The Economics of AI Products: Cost Modeling Every PM Should Be Able to Run

Part 15 of the Applied AI Product Management series. Posts 6 and 8 touched on AI economics at a conceptual level. This post does the actual math. A PM who can describe the cost structure of an AI feature is informed. A PM who can model it, stress-test it at scale, and identify where the economics break is dangerous in the best possible sense.
A team launched an AI writing assistant. Per-query cost looked manageable during development. The feature went viral on launch day. By the end of the week, the model bill was four times what the team had projected for the entire month.
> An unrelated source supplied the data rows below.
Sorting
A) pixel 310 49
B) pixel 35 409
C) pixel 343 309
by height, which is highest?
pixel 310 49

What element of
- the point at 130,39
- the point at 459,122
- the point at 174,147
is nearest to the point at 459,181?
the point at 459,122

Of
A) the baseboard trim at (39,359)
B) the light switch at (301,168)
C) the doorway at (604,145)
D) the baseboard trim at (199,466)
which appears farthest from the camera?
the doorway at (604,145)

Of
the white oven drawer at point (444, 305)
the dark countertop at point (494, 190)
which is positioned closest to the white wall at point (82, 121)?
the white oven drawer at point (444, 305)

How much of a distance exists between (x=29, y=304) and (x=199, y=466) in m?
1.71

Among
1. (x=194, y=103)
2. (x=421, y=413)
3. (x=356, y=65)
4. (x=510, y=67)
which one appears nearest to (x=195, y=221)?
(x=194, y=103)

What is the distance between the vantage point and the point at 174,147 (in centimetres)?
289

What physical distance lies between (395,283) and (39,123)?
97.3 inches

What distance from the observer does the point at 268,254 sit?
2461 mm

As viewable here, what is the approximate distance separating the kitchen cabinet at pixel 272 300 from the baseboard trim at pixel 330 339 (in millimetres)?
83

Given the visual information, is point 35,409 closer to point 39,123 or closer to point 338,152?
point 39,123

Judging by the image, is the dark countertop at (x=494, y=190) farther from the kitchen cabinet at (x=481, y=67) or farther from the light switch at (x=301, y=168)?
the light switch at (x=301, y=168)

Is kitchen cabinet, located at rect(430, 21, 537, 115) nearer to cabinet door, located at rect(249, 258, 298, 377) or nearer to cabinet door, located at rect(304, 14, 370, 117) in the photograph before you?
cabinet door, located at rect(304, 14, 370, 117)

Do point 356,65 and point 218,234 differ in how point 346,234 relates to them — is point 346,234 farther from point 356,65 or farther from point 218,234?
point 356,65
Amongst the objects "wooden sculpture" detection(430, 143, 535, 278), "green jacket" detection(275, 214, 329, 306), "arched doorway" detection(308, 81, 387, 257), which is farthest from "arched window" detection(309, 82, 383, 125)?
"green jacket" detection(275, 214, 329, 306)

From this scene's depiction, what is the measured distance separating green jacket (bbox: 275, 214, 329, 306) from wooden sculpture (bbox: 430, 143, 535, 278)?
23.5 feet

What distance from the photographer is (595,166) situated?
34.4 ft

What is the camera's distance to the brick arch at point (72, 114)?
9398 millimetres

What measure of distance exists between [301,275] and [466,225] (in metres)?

Nothing had gone wrong technically. The model was working exactly as designed. The problem was that the economics had been modeled at average usage, not at the tail usage that actually showed up when real users got access to the feature. A small percentage of users sent extremely long documents. Another group hit the feature hundreds of times per day. Neither scenario had been stress-tested in the cost model before launch.
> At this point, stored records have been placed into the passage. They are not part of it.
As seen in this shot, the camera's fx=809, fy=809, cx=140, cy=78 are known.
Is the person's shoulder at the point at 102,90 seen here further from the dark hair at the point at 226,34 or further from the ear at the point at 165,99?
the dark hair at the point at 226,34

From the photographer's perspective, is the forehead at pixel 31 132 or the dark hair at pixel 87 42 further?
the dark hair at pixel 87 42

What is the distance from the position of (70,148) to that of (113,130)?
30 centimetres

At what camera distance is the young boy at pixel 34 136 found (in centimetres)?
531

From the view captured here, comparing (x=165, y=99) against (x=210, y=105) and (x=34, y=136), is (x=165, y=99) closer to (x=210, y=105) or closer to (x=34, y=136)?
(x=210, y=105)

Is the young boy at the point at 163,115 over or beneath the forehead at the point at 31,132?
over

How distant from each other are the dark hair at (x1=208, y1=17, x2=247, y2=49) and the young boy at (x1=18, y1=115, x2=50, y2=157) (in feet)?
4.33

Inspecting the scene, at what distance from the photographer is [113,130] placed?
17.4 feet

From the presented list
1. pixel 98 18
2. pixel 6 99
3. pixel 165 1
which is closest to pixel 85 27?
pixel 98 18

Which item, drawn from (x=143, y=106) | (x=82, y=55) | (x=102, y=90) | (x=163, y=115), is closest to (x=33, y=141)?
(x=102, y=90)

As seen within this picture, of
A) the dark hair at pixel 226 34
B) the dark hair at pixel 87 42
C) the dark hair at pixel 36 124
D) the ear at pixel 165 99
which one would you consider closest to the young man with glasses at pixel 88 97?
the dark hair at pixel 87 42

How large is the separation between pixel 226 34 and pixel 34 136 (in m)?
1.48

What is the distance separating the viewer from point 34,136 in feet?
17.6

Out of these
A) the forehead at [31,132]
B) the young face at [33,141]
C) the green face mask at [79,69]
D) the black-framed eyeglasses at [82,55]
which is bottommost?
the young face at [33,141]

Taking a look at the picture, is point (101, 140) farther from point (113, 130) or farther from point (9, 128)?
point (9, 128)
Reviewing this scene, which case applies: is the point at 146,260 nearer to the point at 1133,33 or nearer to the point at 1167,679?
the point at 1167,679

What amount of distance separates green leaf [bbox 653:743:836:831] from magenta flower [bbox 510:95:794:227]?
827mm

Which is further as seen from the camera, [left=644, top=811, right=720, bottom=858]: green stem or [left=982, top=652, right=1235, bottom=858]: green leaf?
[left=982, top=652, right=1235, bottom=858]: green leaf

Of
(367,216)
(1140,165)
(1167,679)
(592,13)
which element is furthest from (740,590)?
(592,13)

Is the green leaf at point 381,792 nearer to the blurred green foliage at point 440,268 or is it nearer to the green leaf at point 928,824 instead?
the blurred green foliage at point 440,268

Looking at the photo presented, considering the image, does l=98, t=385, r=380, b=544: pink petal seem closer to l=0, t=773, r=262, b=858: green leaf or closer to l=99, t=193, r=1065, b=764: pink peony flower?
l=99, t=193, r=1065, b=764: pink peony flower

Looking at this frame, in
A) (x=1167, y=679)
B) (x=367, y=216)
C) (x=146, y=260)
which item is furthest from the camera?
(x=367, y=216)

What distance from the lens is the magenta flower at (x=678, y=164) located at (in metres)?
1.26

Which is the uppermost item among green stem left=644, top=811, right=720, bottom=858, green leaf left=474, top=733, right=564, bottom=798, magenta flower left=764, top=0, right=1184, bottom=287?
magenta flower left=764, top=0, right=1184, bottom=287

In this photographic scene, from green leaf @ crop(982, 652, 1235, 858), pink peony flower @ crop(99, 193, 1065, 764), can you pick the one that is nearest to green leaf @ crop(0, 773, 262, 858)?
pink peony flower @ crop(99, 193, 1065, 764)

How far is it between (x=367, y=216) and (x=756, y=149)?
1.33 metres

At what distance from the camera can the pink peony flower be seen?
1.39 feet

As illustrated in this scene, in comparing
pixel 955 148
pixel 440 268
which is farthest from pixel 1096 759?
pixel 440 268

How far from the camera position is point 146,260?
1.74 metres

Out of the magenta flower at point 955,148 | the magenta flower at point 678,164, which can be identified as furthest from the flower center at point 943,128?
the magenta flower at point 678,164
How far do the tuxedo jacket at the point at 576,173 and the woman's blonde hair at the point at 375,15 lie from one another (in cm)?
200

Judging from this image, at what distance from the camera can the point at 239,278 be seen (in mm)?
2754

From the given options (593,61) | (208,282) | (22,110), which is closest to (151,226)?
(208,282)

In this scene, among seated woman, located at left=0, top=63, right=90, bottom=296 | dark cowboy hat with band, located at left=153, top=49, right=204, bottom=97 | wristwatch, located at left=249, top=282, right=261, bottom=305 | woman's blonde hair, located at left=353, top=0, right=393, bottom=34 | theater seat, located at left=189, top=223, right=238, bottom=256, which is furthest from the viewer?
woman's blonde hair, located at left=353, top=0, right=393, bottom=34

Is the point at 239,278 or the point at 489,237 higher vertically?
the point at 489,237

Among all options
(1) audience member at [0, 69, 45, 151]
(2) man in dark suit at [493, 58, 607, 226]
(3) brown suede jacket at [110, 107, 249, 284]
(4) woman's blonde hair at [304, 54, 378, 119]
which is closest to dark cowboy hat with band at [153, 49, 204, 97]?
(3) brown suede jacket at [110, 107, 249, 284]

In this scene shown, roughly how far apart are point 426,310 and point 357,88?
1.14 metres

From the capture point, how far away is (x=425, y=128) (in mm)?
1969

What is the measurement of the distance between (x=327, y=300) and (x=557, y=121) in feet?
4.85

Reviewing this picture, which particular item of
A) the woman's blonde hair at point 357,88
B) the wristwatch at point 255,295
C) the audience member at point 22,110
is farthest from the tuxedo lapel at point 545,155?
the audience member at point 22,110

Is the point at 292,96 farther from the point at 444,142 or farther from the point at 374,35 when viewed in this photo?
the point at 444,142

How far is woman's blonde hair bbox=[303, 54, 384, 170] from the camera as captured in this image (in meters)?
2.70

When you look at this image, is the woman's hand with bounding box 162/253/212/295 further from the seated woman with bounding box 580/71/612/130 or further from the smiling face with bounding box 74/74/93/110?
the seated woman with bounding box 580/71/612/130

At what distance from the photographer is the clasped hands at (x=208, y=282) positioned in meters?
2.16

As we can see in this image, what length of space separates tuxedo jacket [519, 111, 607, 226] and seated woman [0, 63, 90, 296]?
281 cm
This isn't unusual. It's the norm. AI economics break in specific, predictable ways that become obvious in hindsight and invisible in the planning spreadsheet that was built on average assumptions.
This post is the planning spreadsheet done right.
Understanding what you're actually paying for
Every API call to a language model costs money in two directions: input tokens and output tokens. Input tokens are everything the model reads — your system prompt, conversation history, retrieved documents, and the user's message. Output tokens are what the model generates in response.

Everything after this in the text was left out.